(Try it): Every line below must be copied as written, except for pictures.

(Task data):
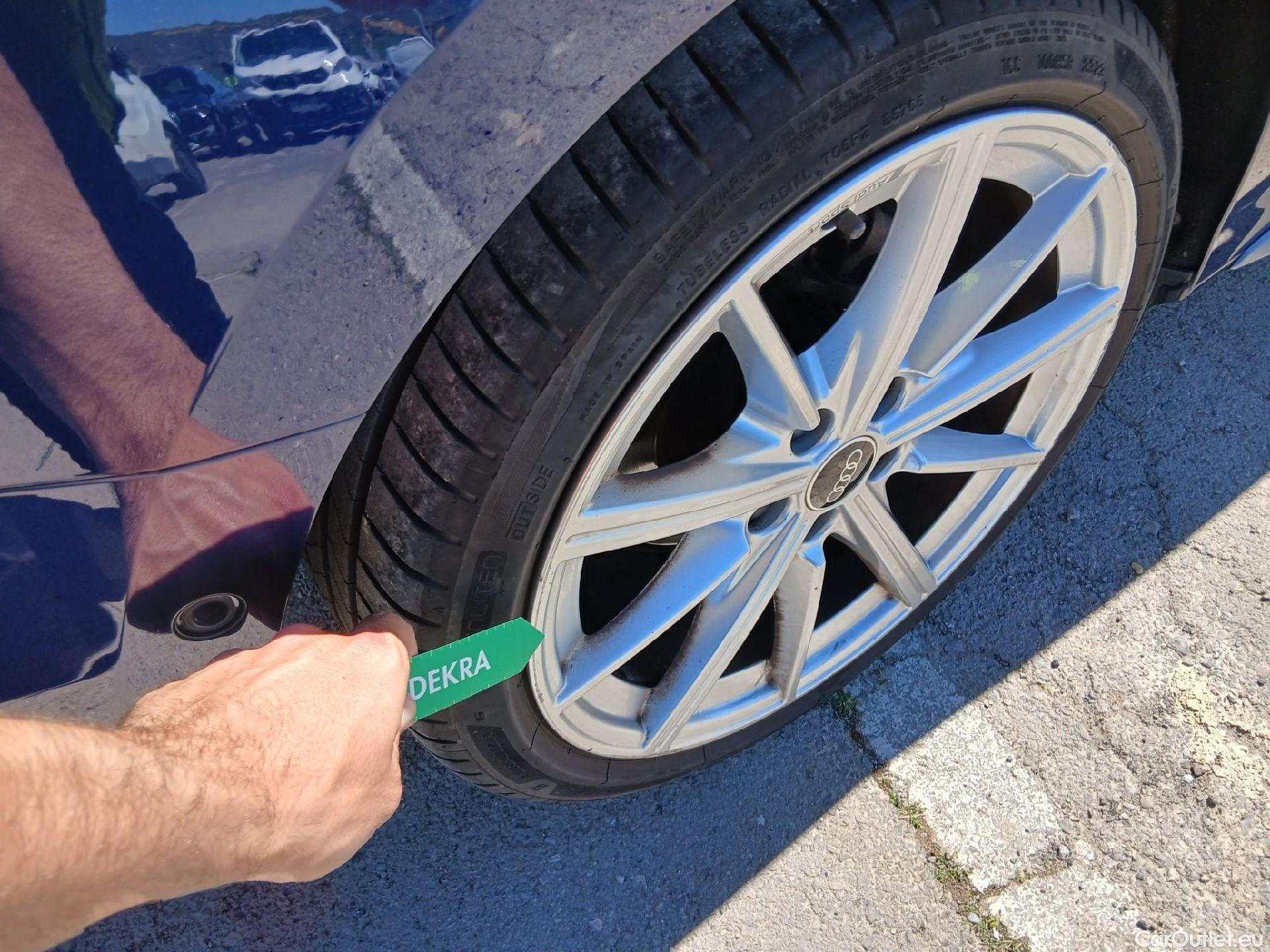  Audi  A3 AUDI  / 2020 / 5P / berlina con portón Sportback S line 30 TDI 85kW (116CV) #16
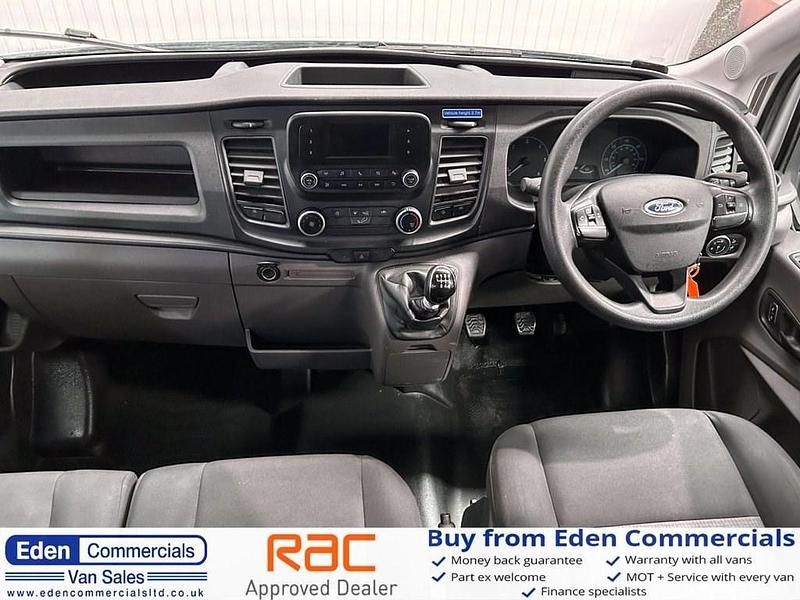 Used Ford Transit S 129 HP (94 kW) 2022 White Van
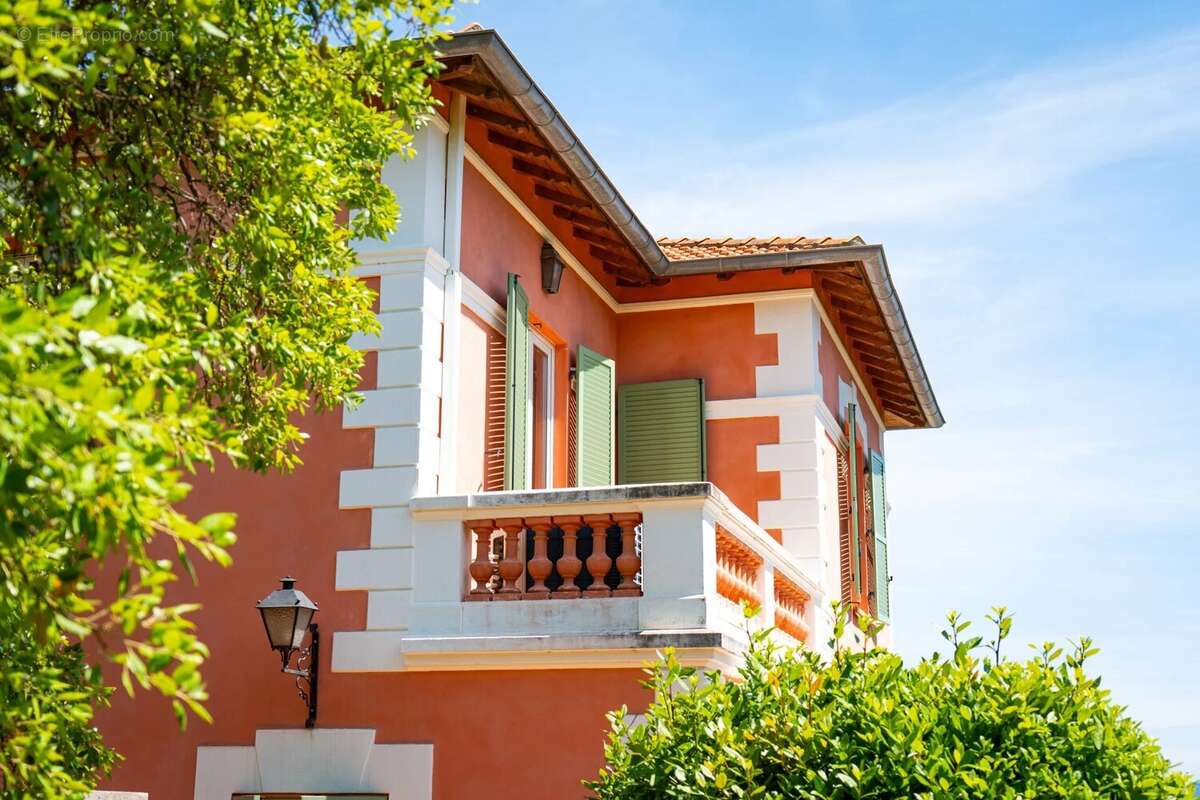 Maison à MANDELIEU-LA-NAPOULE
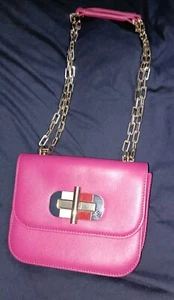 Small Pink Tommy Hilfiger Handbag With A Chain Adjustable Strap - Picture 1 of 8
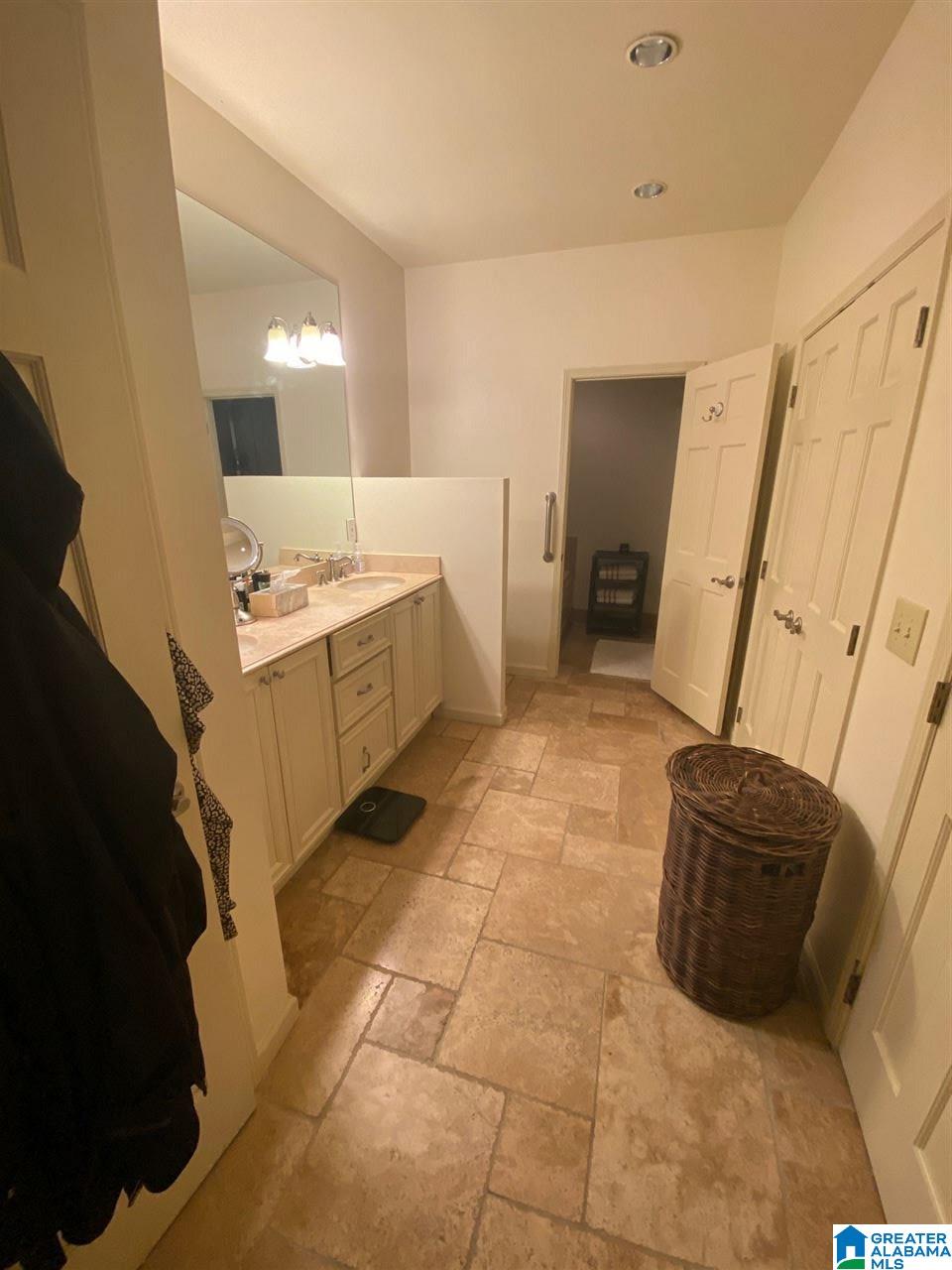 2624 Montevallo Road, Unit 2624 Birmingham, AL 35223 - Photo 5 of 31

(Answer area):
  Audi  A3 AUDI  / 2020 / 5P / berlina con portón Sportback S line 30 TDI 85kW (116CV) #16
 Used Ford Transit S 129 HP (94 kW) 2022 White Van
 Maison à MANDELIEU-LA-NAPOULE
 Small Pink Tommy Hilfiger Handbag With A Chain Adjustable Strap - Picture 1 of 8
 2624 Montevallo Road, Unit 2624 Birmingham, AL 35223 - Photo 5 of 31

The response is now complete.